My Answer: Tough to say what your issue is, because I don’t know if you’re fat overall or just fat in the legs. But let’s just assume you’re fat in the legs and not the upper body. If this is the case, then you have a major problem. You as a young male should not be having a pear shaped body like a woman. If you’re fat in the hips and thighs, then you’ve got too much estrogen circulating in your body. Again I don’t know what exactly your issue is, because I don’t know if you’re fat overall or just fat in the thighs.
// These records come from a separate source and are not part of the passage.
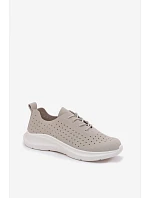 Otevřené dámské sportovní tenisky šedé Heressa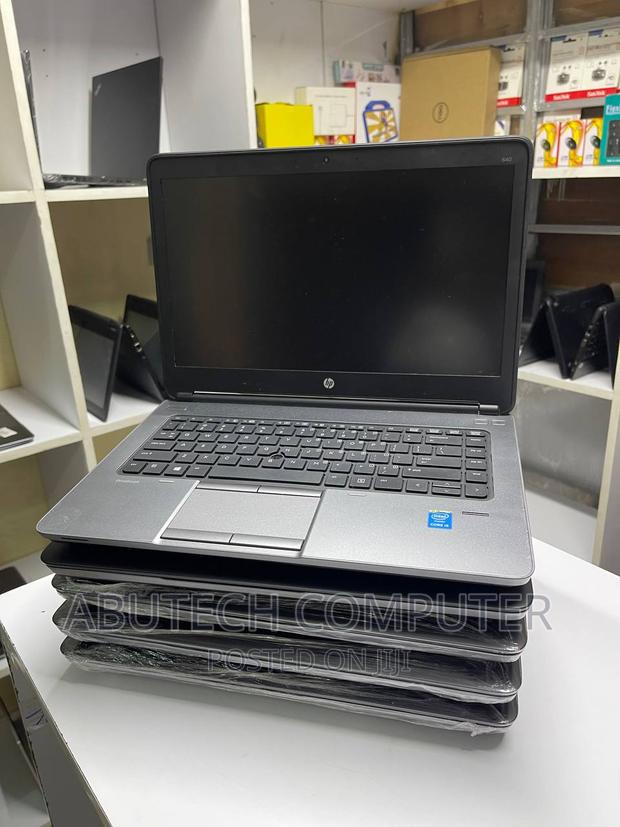 Laptop HP ProBook 640 G1 8GB Intel Core I5 HDD 500GB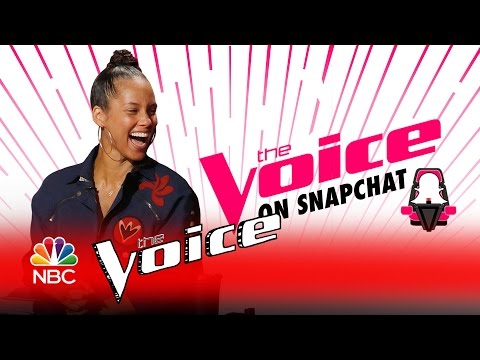 The Voice Announces That It S Looking For Singers On Snapchat Axs 039 The Voice Announces That It S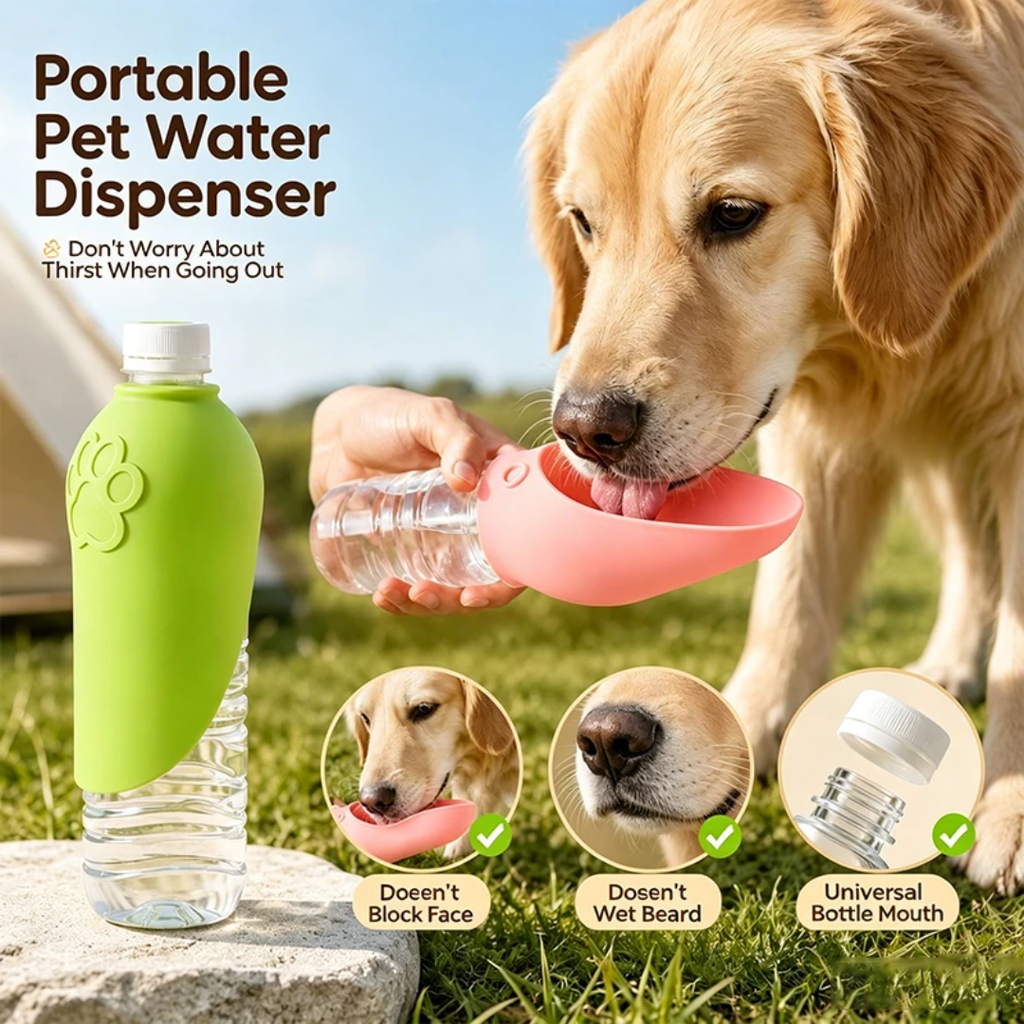 Portable Water Food Bottle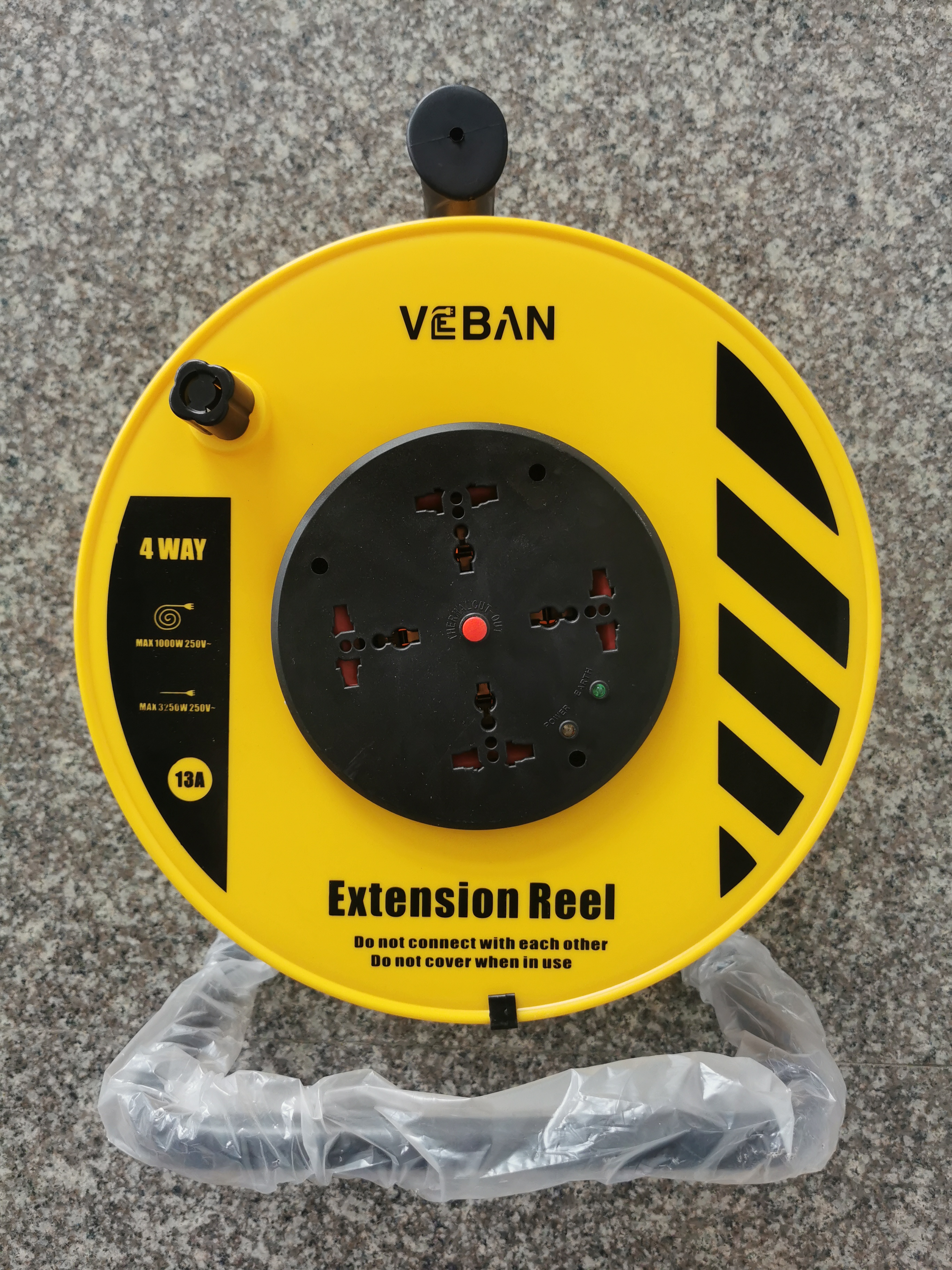 50M Outdoor Universal Extensio - Outdoor Power Extension Cord のレビューと価格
Drinking a lot of alcohol screws up your androgen levels, so avoid alcohol.
With that said, you should avoid squats, lunges and leg presses as these will build your thighs. Obviously don’t do any calf work, since your calves are naturally big. Exercises to tone the thighs instead of building them up would be deadlifts, step-ups and bicycling. This is how I normally train women with pear shaped bodies and estrogen dominance.
To avoid muscle loss in the upper body, you should train the upper body with multiple sets of heavy weight. In other words, 8-12 sets of 3-8 reps per upper body muscle.
Q: The book Strength and Physique: High Tension Exercises for Muscular Growth is excellent. I am already quite lean, about 10 percent body fat, 5 foot 10, but only 150 pounds. My near term goal is to reach 165 pounds without adding significant fat, so I am eating about 300 calories a day over maintenance and working out 3-4 times a week. Would you recommend alternating the 6 Factors program with a 3-day a week bulking for ectomorphs program?
My Answer: Yes that would be perfectly fine to do. The 6 Factors program is a physically demanding routine, so switching to a lower volume, lower frequency ectomorph program allows your body to supercompensate and gain more muscle.